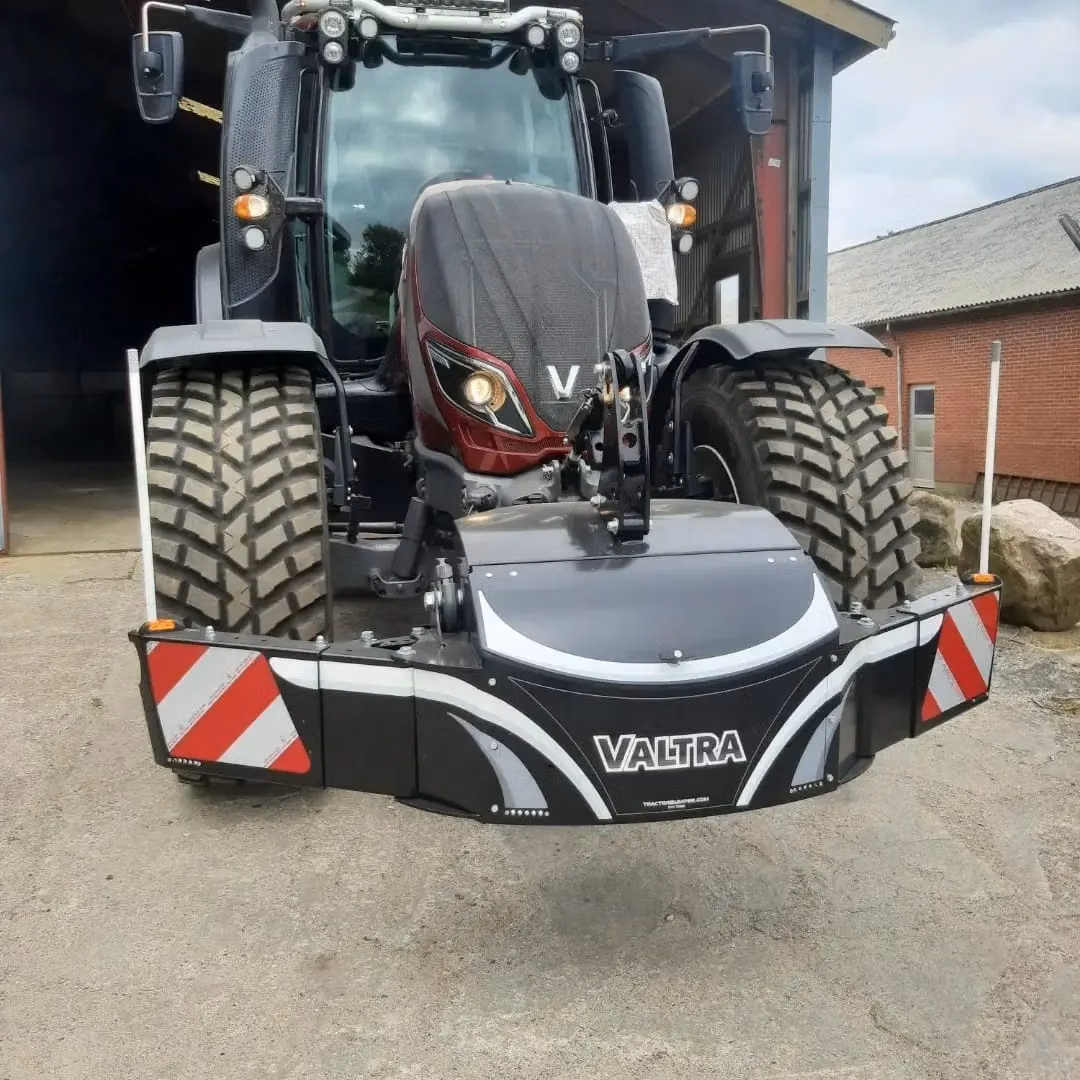 Valtra tractor with a front weight bumper featuring reflectors, storage compartments and LED lights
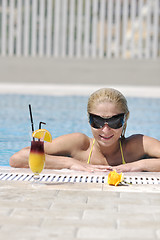 Image showing beautiful woman relax on swimming pool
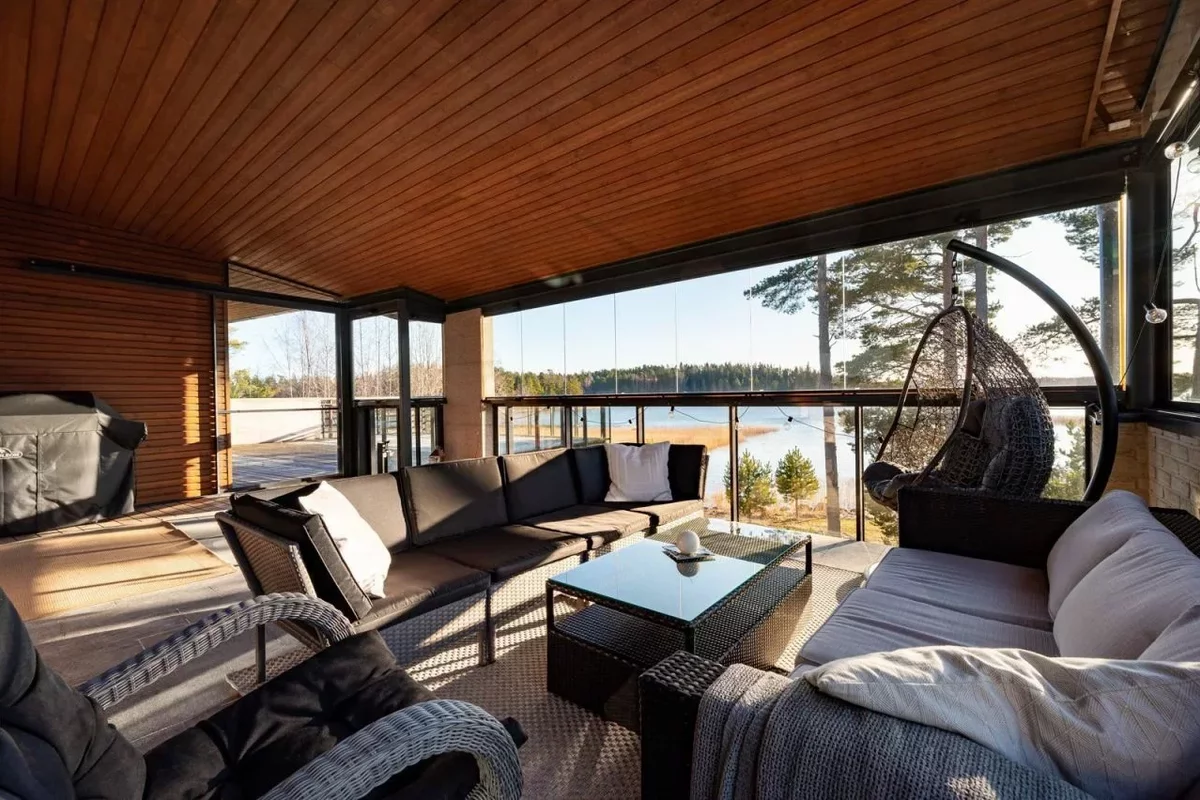 Крытая терраса с видом на озеро в доме в Финляндии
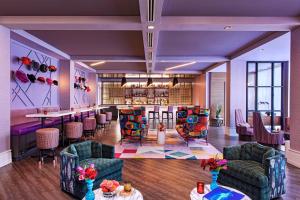 a lobby with a bar and some chairs and tables at Hotel Colee, Atlanta Buckhead, Autograph Collection in Atlanta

- Exercise brief
Please write out the material from the line containing "Image showing beautiful" to its final line, both inclusive, exactly as it appears; pictures are not part of the copy.

- Exercise answer
 Image showing beautiful woman relax on swimming pool
 Крытая терраса с видом на озеро в доме в Финляндии
 a lobby with a bar and some chairs and tables at Hotel Colee, Atlanta Buckhead, Autograph Collection in Atlanta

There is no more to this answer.